Sunday, March 03, 2013

Evolution of a Paintscheme

I have had a Tyranid force lingering around for some time, and 'recently', got my fiancée into Warhammer as well. For the sake of not rolling over her with a force I'm a veteran with, and to motivate me finishing them, I started to research a paintscheme.

I decided rather than going especially fantasy, I would draw inspiration from real exo-skeletal creatures, and picked the Lobster. First, trying to find an image of an un-cooked lobster on Google is interesting. Second, even searching "marine lobster" engaged rule 34!

Finally I found a series of pictures I liked, and painted up a series of test models:
Primer coat black, base-coat light leather brown, highlighted to yellow, then over-washed with dark red and black, done in a splotchy pattern. While this looked fine for the Lictor (a lurking, camouflaging creature) on the rest it just served to limit the amount of detail that was visible, and lacked the contrast I felt it needed. I next painted a Ravenor, and decided to refine the scheme a bit more, making the hard shells still the same method, but stopping at the yellow, for the most part, highlighting the body:
On this one, to enhance the contrast, I also made the rib-seeming sections even brighter yellow, by highlighting with a bone colour, and extended the mottled pattern to the softer, snake like tail. I liked this style enough to then try it on the mother of all monsters in the Tyranid force (at the time), the Carnifex:

On this one I further enhanced the effect by painting gloss black for the plates, doing a pseudo-pointillist technique for the red and black, and trying to further brighten the yellows on the skin. I also dropped the black glazing for this, instead just painting on for the armour plates. The problem was, even here, the base colour was black, meaning it took many layers just to get it up to yellow, and didn't look as good as I figured it could be. I know we're straying from lobster, but then, so are the Tyranids!
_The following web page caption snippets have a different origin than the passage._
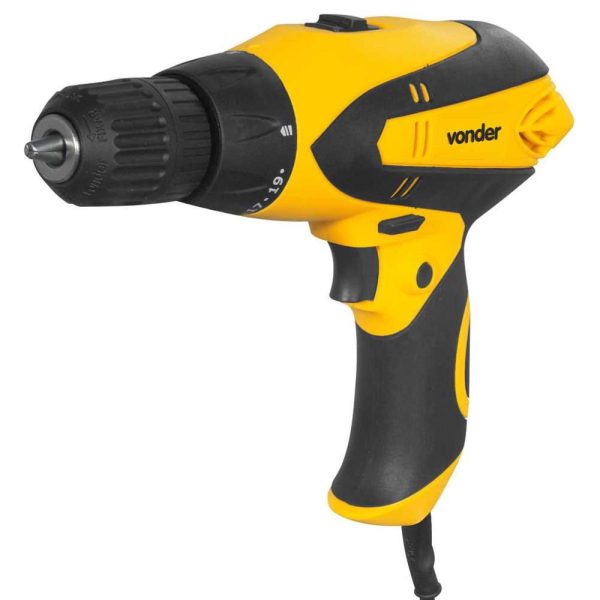 Parafusadeira Furadeira FPV438 3/8 Pol. 400W 220V VONDER-6001438127
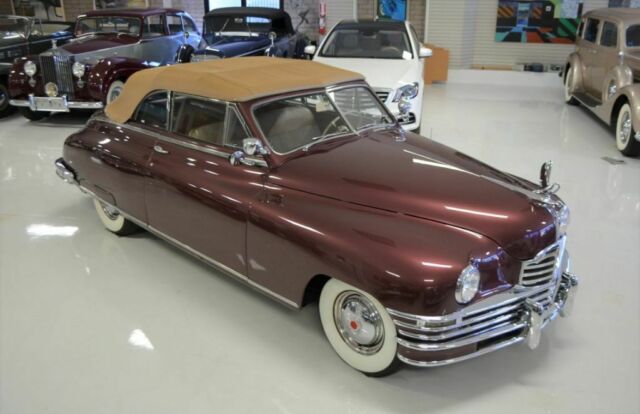 Packard Super 8 Convertible Victoria 1948 image number 11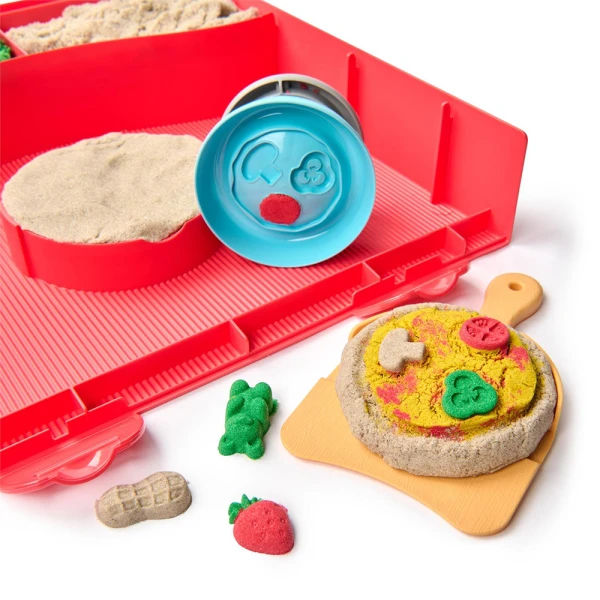 KINETIC SAND PIZZA SET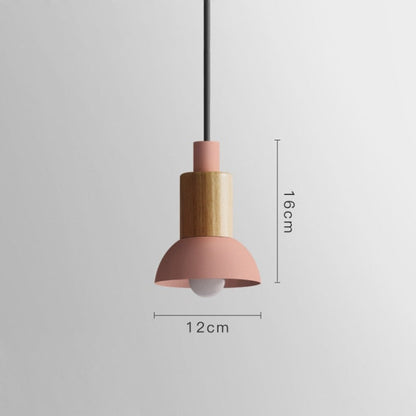 Variant image for Suspension Lumineuse Bois et Métal - Élégance Design-4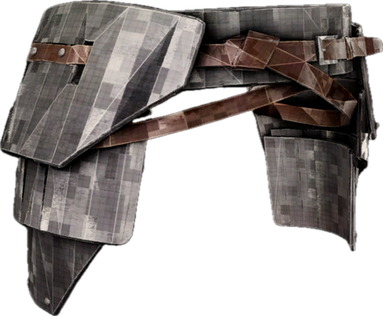 Low Poly Roadsign Kilt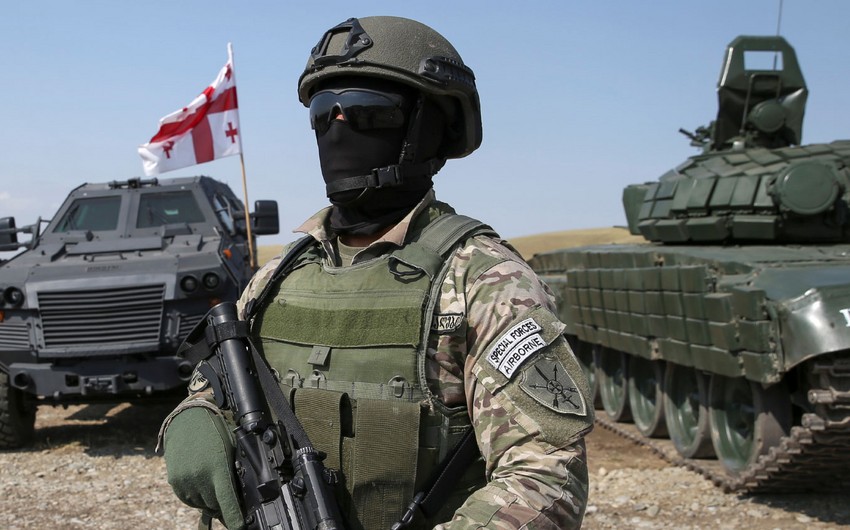 Georgia to demonstrate military equipment on Independence Day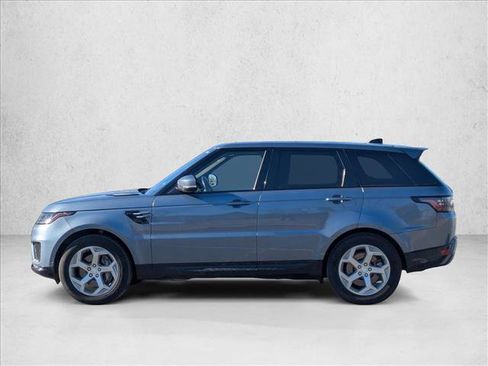 Used 2020 Land Rover Range Rover Sport HSE image 8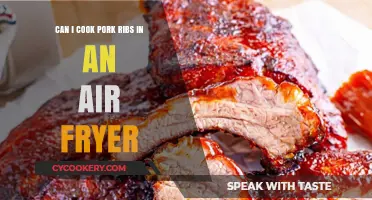 Air Fryer Ribs: The Ultimate Guide to Perfectly Cooked Pork Ribs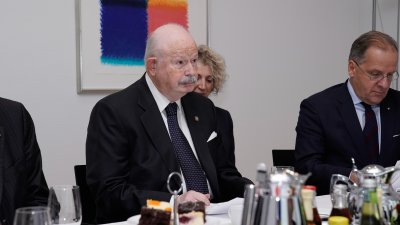 Ministerpräsident Laschet empfängt Fra‘ Giacomo Dalla Torre del Tempio di Sanguinetto, Staatsoberhaupt des Souveränen Malteserordens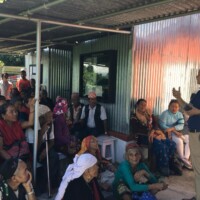 Pension Payment Day in Lamjung, Nepal - 5 September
Finally, I have refined the scheme with my Hive Tyrant, now about half finished:
The photograph does not quite do justice to the colours on this guy. Primered in white, and using an airbrush to over-layer both the bright yellow, and yellow-mixed-with-brown for shading, as well as for most of the red sections, this beast is bright enough to look like a poison dart frog. The black is entirely gloss black paint, and since it's painted over thin airbrush-based undercoats, it really makes the carapace glisten. To me, the best part of this final solution is it saves enough inspiration from the lobster to seem natural, but has a very heavy "how Nature says do not touch" aspect with the bright yellows and reds. I'll post how it looks on the baby bugs when I get them painted as well!